Al final se buscó otro que sí jugaba y solucionó su problema. El amor se está convirtiendo en una plaza para oposiciones libres: los vacíos emotivos, las carencias sentimentales y los traumas florecen como una plaza vacante para candidatos al romance del toreo. Lo importante es cubrir la plaza lo antes posible, y no al contrario (descubrir alguien especial y sorprendente y entonces hacerle sitio en tu vida), y para acceder a un mayor número de opositores (lo que aumenta las posibilidades de encontrar un aspirante a funcionario de capote competente) hay que vender y publicitar lo mejor posible la convocatoria. Sin embargo, Daniela ignoraba que hacerte sentir como una chaqueta intercambiable, en lugar de hacer que la valoraras como persona, te confirmaba la certeza de que sólo te perdías, como mucho, un armario. Y cuando se lo dije se cabreó. La mercadotecnia ha introducido la maraca como la nueva neurona del ser humano moderno. Y algún cencerro. Poco más.

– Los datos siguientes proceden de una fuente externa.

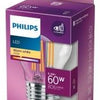 Philips led kogel e27 6,5-60w 2700k filament helder blister - 5101582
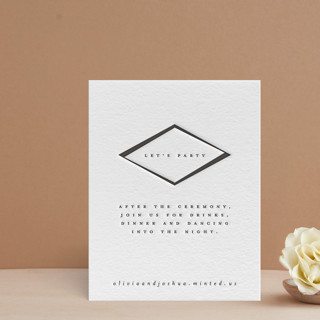 Fancy Ampersand Letterpress Reception Cards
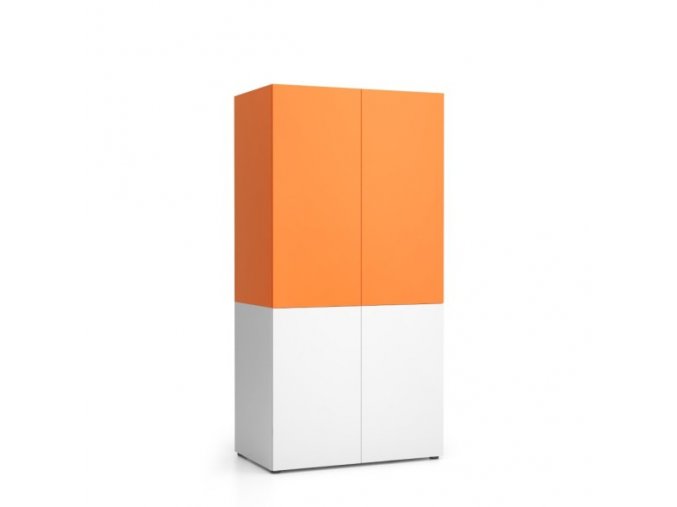 Kuchyňská policová skříň NIKA 1000 x 600 x 2000 mm, oranžová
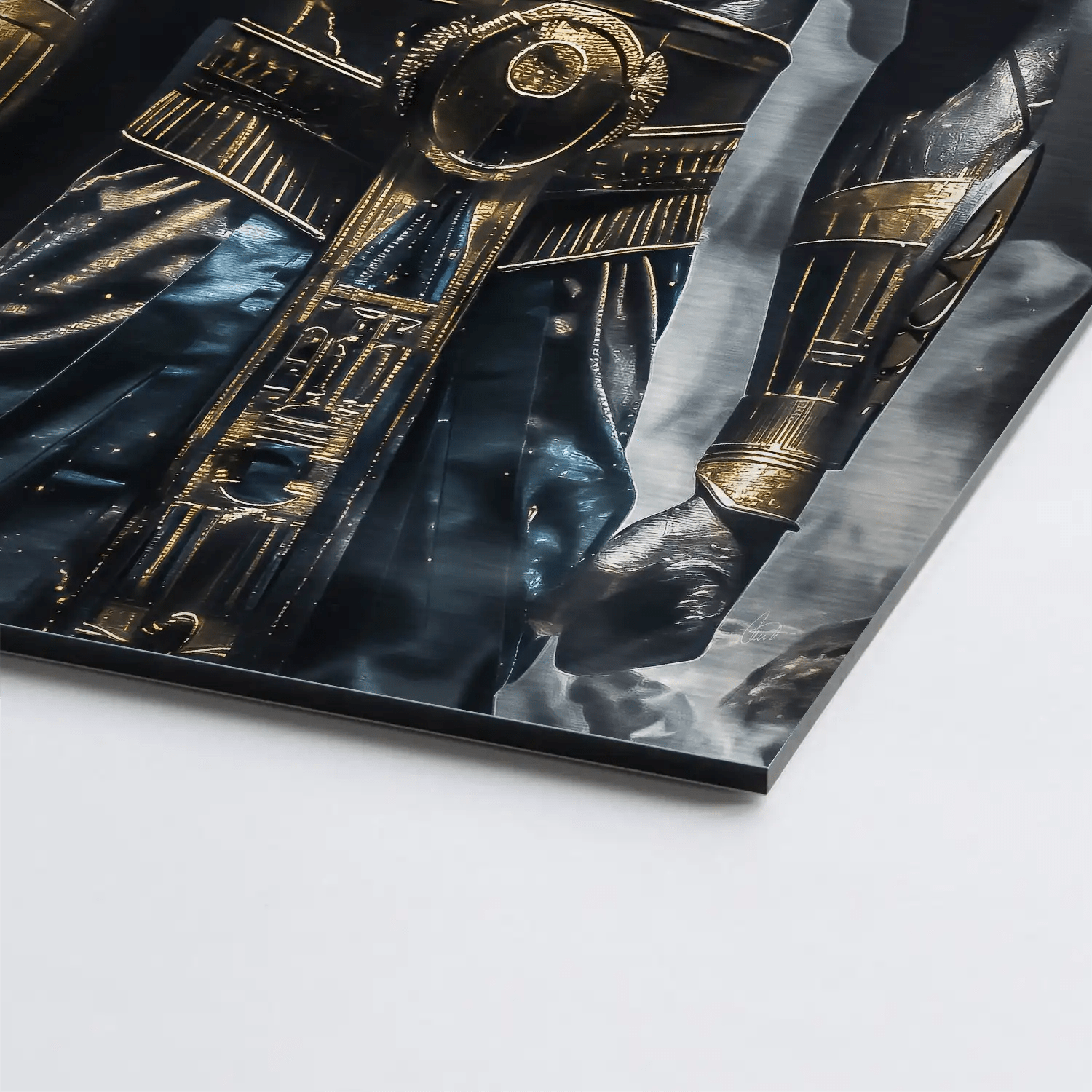 Anubis Dark AluDibond Gebürstet - AluDibond Bild Gebürstet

Sonia. Sonia quería un bandido. Dio igual que le advirtiera que yo sólo era un pusilánime: quería que le desobedeciera, que hiciera lo contrario de lo que decía siempre y, cuando se desesperaba ante mi falta de cooperación, me dejaba de llamar para hacerse valer, se acostaba con otros tíos para hacerse valer, desaparecía del mapa para hacerse valer, me insultaba para hacerse valer y me mandaba al carajo para hacerse valer. Y que ello no despertara al Curro Jiménez que por cojones debía existir dentro de mí, sino que siguiera con mi inercia indolente, la desesperaba aún más. Y no se sentía valorada. Yo le decía “¿cómo te voy a valorar si llevas haciendo tonterías desde que te conozco? ¿si aún no sé quién ni cómo eres?”. Me apartó de su vida, claro. Cómo pude ser tan cruel y despiadado como para querer conocerla de verdad a ella, más allá de su físico espectacular, antes de decidir nada, es algo que nunca me perdonaré. Ni ella.

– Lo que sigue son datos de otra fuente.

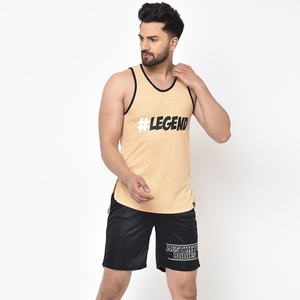 Camiseta sin mangas de algodón sin mangas de verano para hombre, chaleco de gimnasio transpirable de Color sólido para Fitness informal, correr, entrenamiento, uso en el gimnasio - Product Image 4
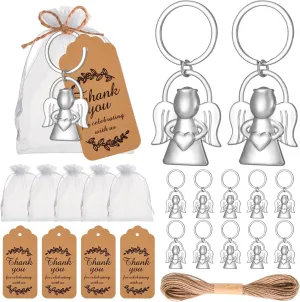 24Pcs Angel Designed keychains Baby Shower Party Favors for Guests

Hay cosas que parecen elementales y que, si se sometieran a una consulta estadística, resultarían más misteriosas que la singularidad previa al Big Bang. Los valores se han simplificado y, a la vez, se han convertido en enigmas gracias a redefinirse sobre indisolubles paradojas. El culo, por ejemplo. Supongo que esperan que el culo y las tetas despierten de por sí al amor, la admiración, la entrega, lo elevado y lo etéreo. Tal vez sea eso: les molesta que como mucho provoquen una erección sin trascendencia. Al menos a estas tres, no saquemos conclusiones categóricas injustas y sin fundamento. La majadería no tiene límites de género, ni mucho menos. Mejor renunciar a entender en general a ningún ser humano. Se pierde el tiempo.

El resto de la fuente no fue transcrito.